(Short web captions)
******************************
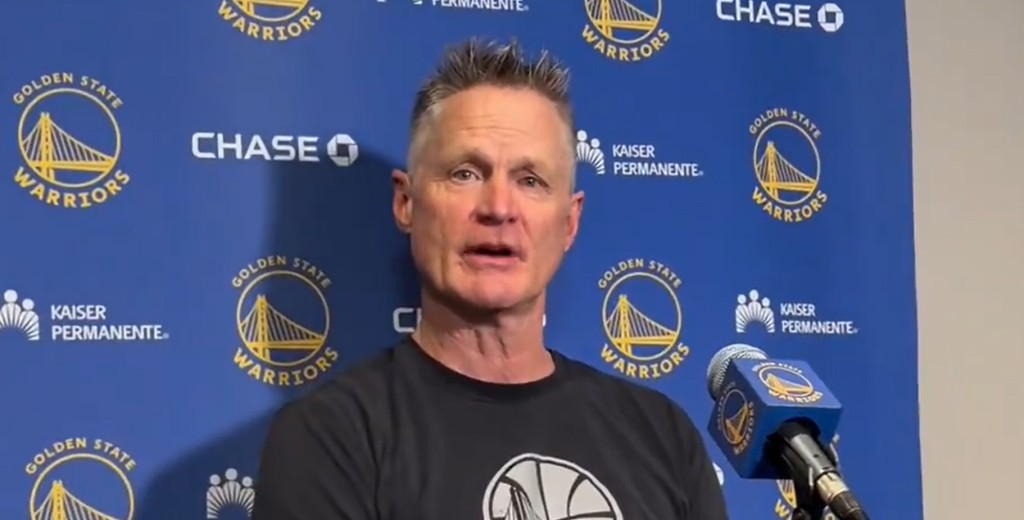NBA / 勇士继续用五小担任先发！科尔解释：别看我们身材矮，但我们篮球智商高！-黑特篮球-NBA新闻影音图片分享社区
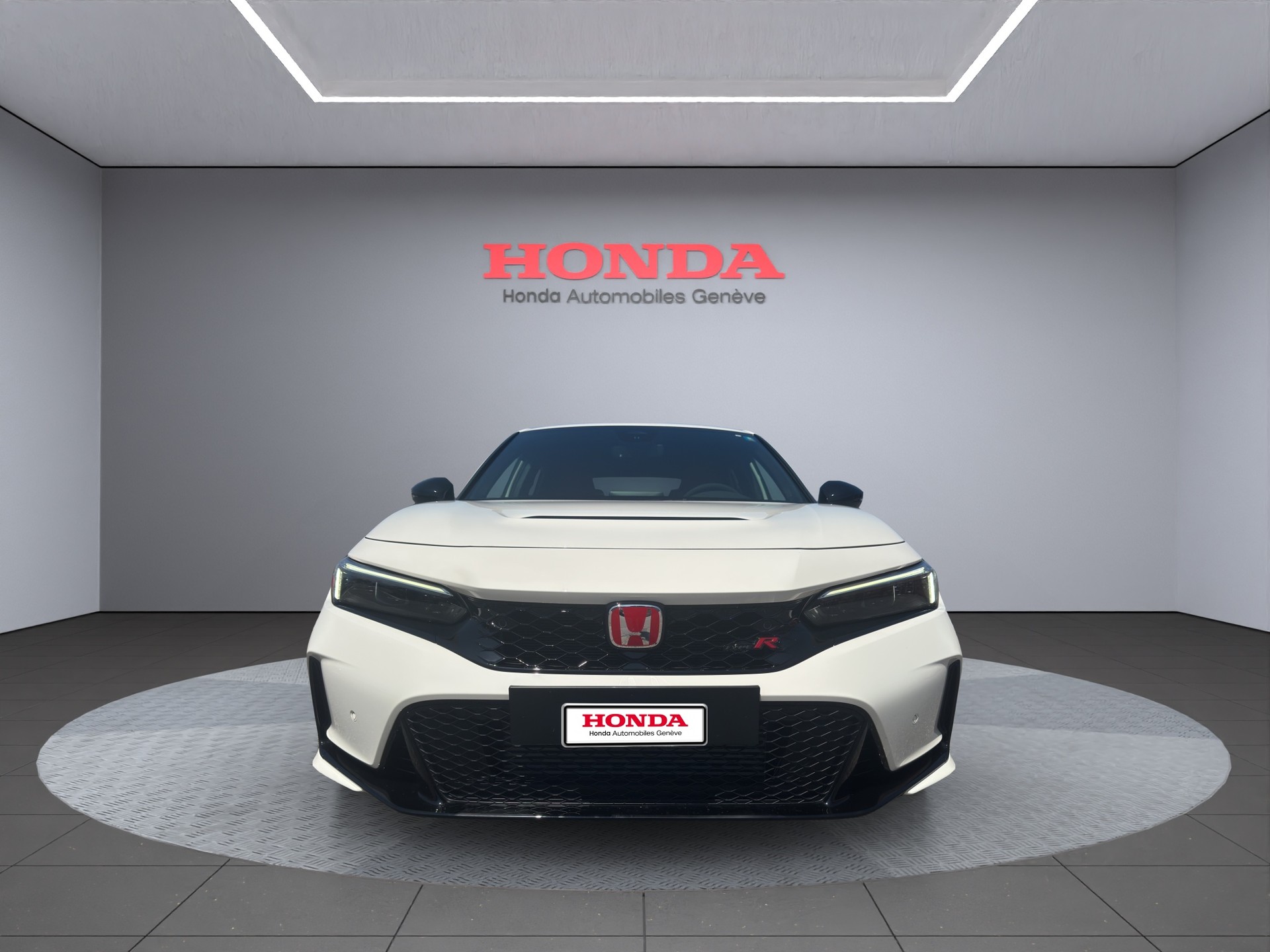 HONDA Civic 2.0 VTEC Type R-showroom-element-2
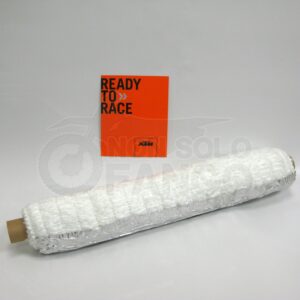 Kit riparazione scarico lana fonoassorbente 450 GR.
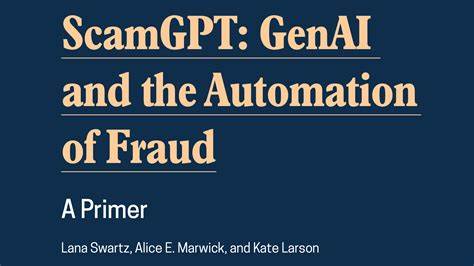 探讨生成式人工智能(GenAI)如何推动诈骗自动化与规模化,分析社会、技术与经济驱动因素,评估受害群体与风险,提出不涉及操作细节的防范原则、企业与政策建议,以及媒体与公众应对方向
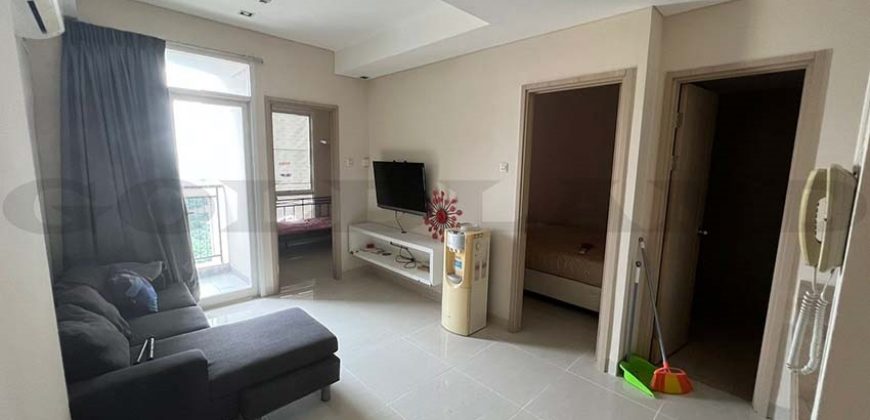 Kode : 19553 (Si), Dijual apartment elpis residance, luas 43 m2, jakarta Utara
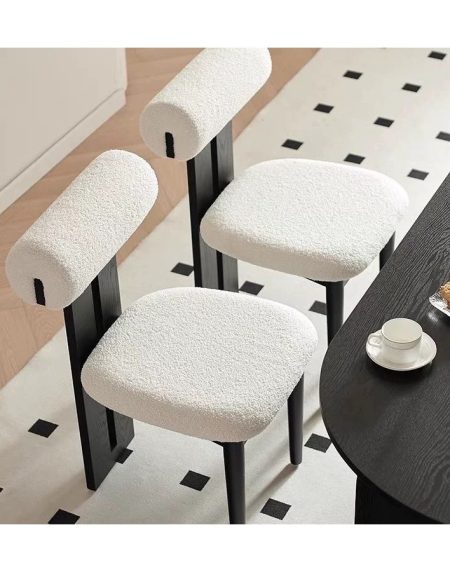 Ghế Ăn Da Cao Cấp Thiết Kế Bắc Âu Sang Trọng Ghế Ăn Da Cao Cấp Thiết Kế Bắc Âu Sang Trọng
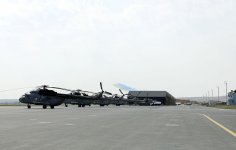 Прошёл День высокопоставленного наблюдателя в рамках учений «Встреча соколов-2026» (ФОТО/ВИДЕО)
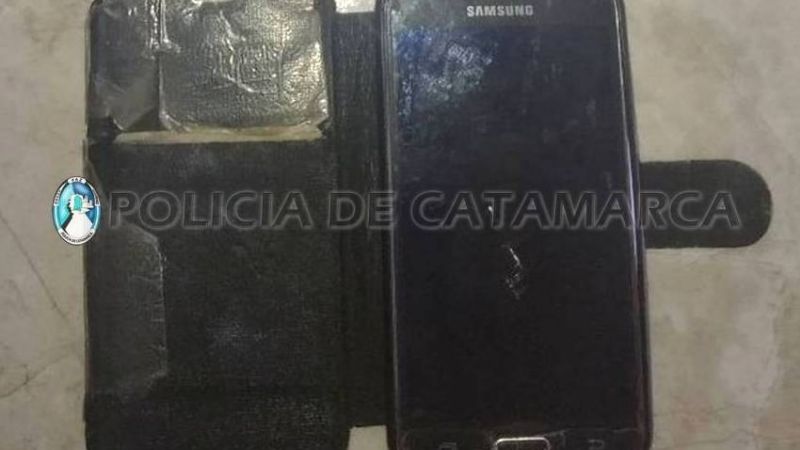 Cayó un arrebatador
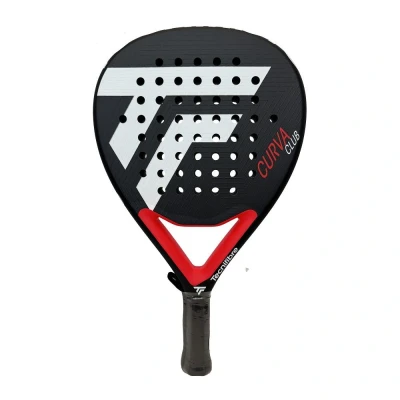 Abbildung von Padel Schläger Tecnifibre Curva Club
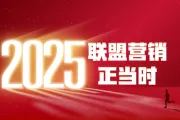 想在2025年提升联盟营销表现？建议定下这5个小目标！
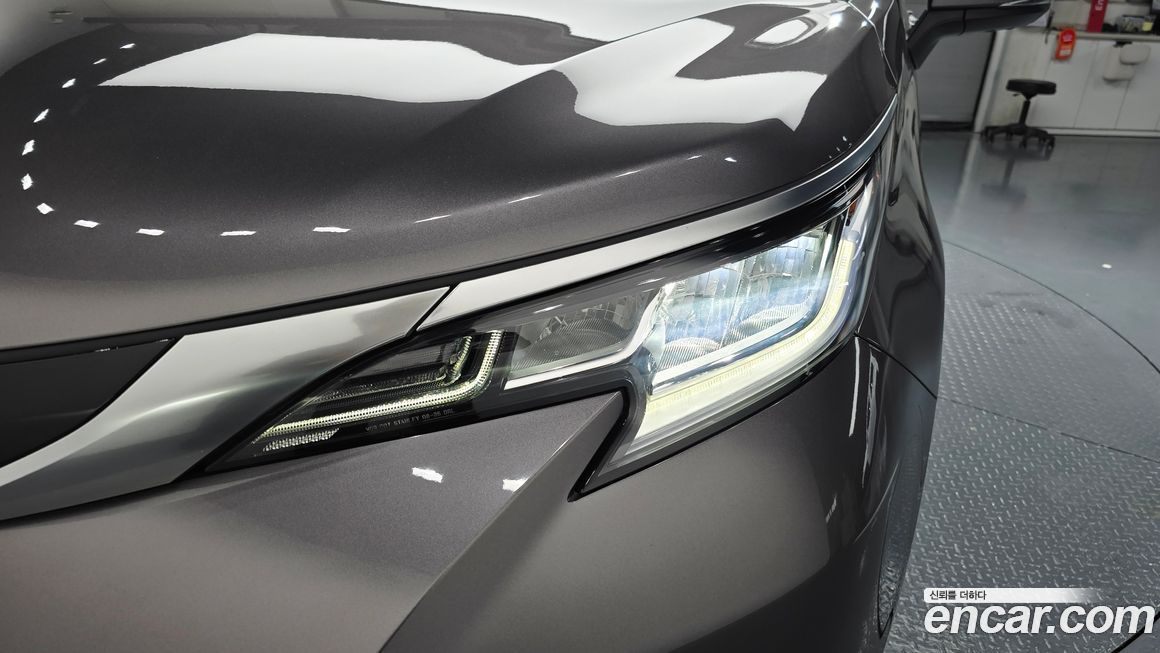 Toyota Sienna 2024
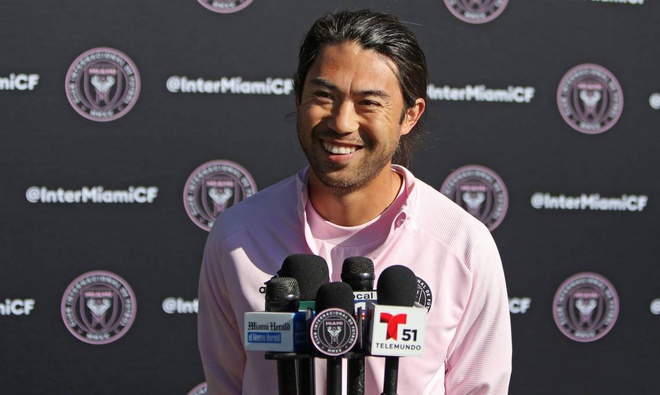 MLSsoccer loại Lee Nguyễn khỏi đội hình tối ưu của Inter Miami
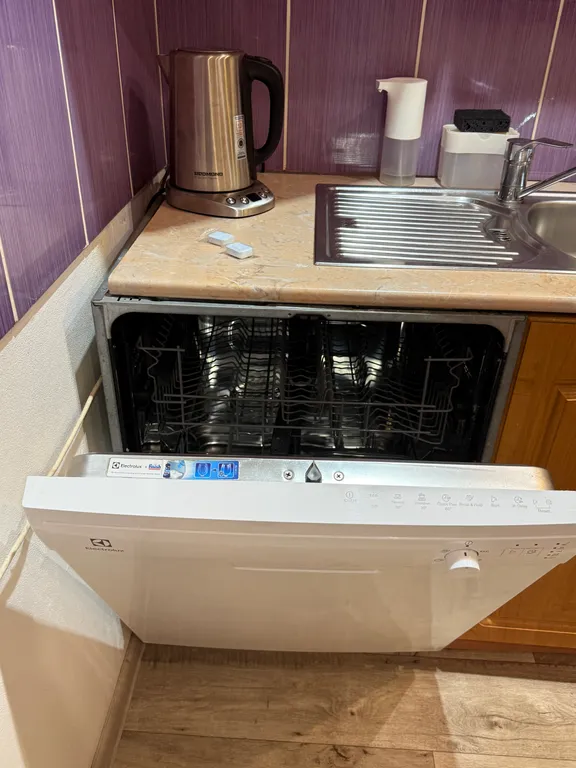 Уютная 2-комнатная квартира для семей с детьми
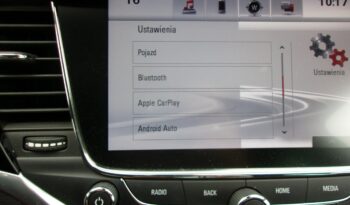 OPEL Astra | FWD (przód) | Manualna | 125 KM | Szary full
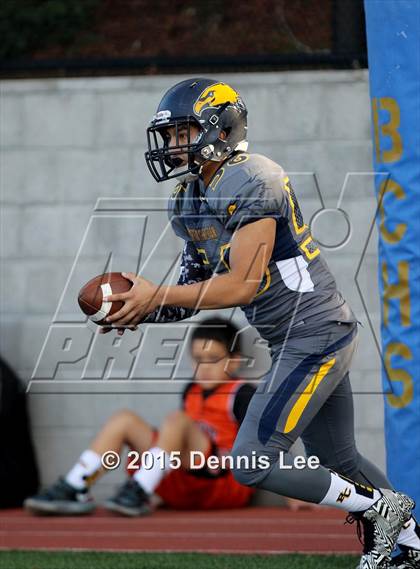 Thumbnail 2 in Stellar Prep @ Berean Christian (CIF NCS D5 Playoffs) photogallery.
******************************
Task instructions:
Reproduce all the entries that precede this task, word for word, minus any pictures.

Answer below:
NBA / 勇士继续用五小担任先发！科尔解释：别看我们身材矮，但我们篮球智商高！-黑特篮球-NBA新闻影音图片分享社区
 HONDA Civic 2.0 VTEC Type R-showroom-element-2
 Kit riparazione scarico lana fonoassorbente 450 GR.
 探讨生成式人工智能(GenAI)如何推动诈骗自动化与规模化,分析社会、技术与经济驱动因素,评估受害群体与风险,提出不涉及操作细节的防范原则、企业与政策建议,以及媒体与公众应对方向
 Kode : 19553 (Si), Dijual apartment elpis residance, luas 43 m2, jakarta Utara
 Ghế Ăn Da Cao Cấp Thiết Kế Bắc Âu Sang Trọng Ghế Ăn Da Cao Cấp Thiết Kế Bắc Âu Sang Trọng
 Прошёл День высокопоставленного наблюдателя в рамках учений «Встреча соколов-2026» (ФОТО/ВИДЕО)
 Cayó un arrebatador
 Abbildung von Padel Schläger Tecnifibre Curva Club
 想在2025年提升联盟营销表现？建议定下这5个小目标！
 Toyota Sienna 2024
 MLSsoccer loại Lee Nguyễn khỏi đội hình tối ưu của Inter Miami
 Уютная 2-комнатная квартира для семей с детьми
 OPEL Astra | FWD (przód) | Manualna | 125 KM | Szary full
 Thumbnail 2 in Stellar Prep @ Berean Christian (CIF NCS D5 Playoffs) photogallery.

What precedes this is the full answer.